● **Activity**
All that should be output is the block of lines below from the line with "Something else I" to the line with "If you would", both included, exactly as written.

● **Extracted data**
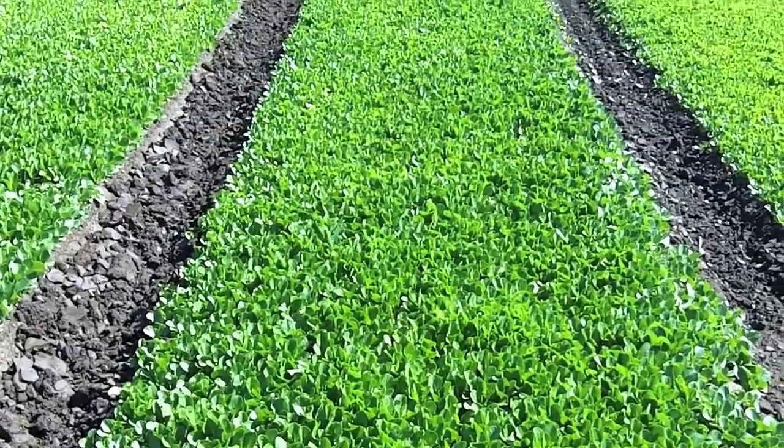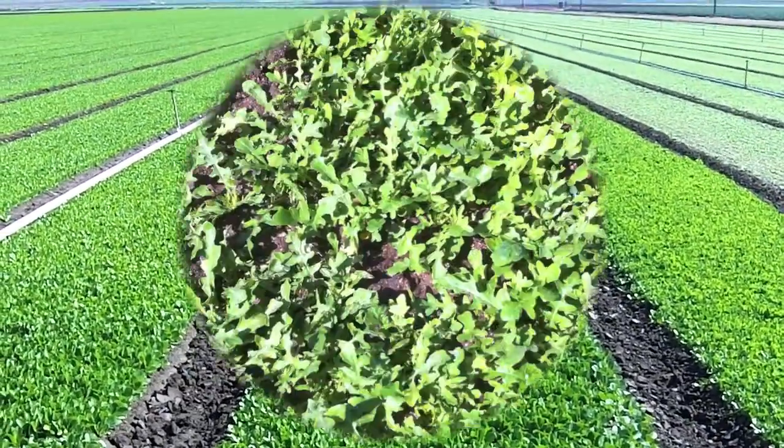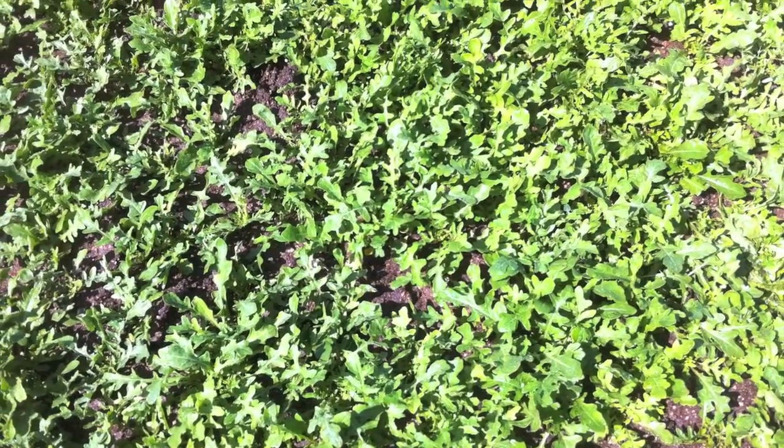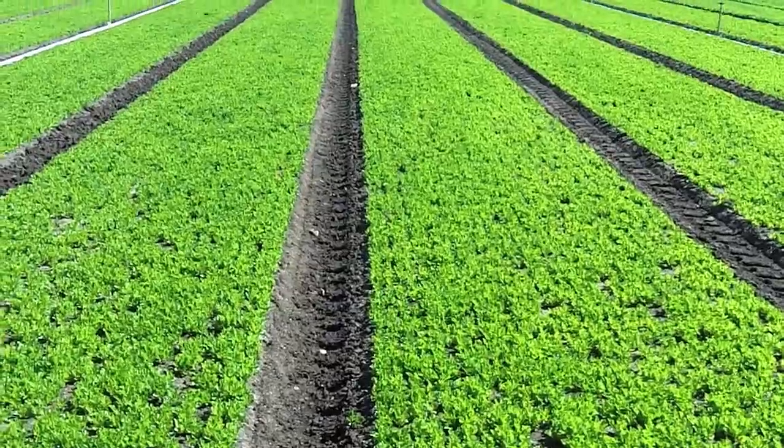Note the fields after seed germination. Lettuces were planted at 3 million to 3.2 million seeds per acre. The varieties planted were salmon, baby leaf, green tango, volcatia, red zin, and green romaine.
==
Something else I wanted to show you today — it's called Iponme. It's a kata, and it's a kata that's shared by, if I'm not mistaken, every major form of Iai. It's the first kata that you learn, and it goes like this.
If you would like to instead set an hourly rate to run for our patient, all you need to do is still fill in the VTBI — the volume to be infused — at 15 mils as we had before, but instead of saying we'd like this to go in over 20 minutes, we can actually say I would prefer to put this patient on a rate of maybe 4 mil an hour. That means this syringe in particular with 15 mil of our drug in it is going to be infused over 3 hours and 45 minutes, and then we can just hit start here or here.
...
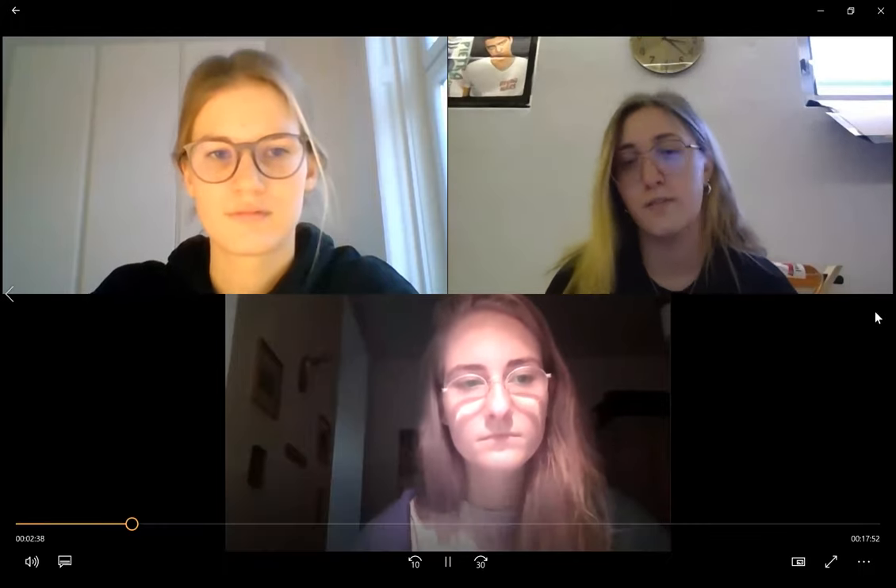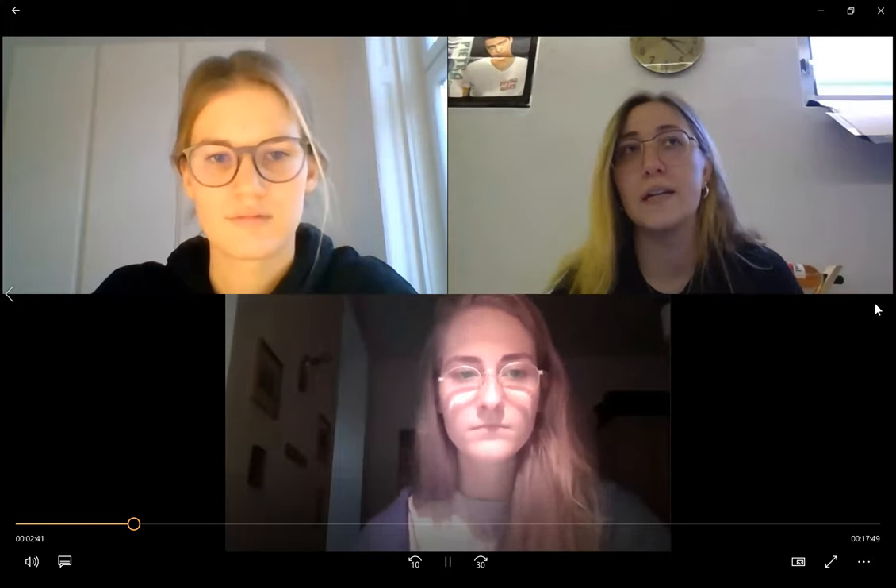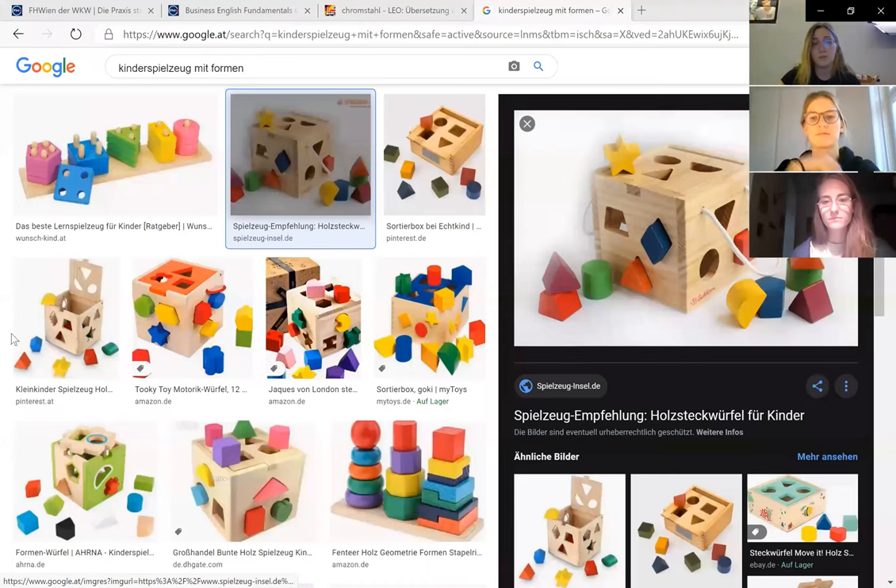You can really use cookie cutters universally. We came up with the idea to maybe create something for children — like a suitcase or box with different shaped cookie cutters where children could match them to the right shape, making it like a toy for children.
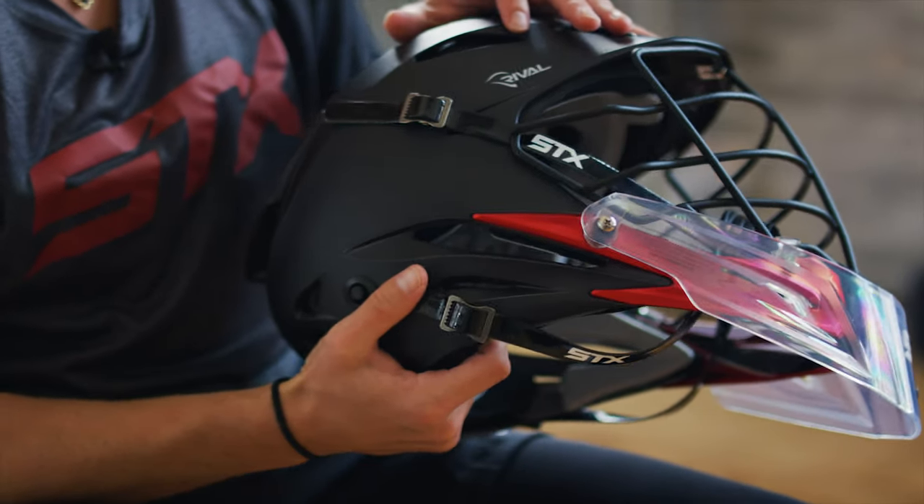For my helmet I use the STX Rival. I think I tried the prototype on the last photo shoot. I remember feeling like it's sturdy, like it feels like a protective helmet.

● **Output for this exercise**
Something else I wanted to show you today — it's called Iponme. It's a kata, and it's a kata that's shared by, if I'm not mistaken, every major form of Iai. It's the first kata that you learn, and it goes like this.
If you would like to instead set an hourly rate to run for our patient, all you need to do is still fill in the VTBI — the volume to be infused — at 15 mils as we had before, but instead of saying we'd like this to go in over 20 minutes, we can actually say I would prefer to put this patient on a rate of maybe 4 mil an hour. That means this syringe in particular with 15 mil of our drug in it is going to be infused over 3 hours and 45 minutes, and then we can just hit start here or here.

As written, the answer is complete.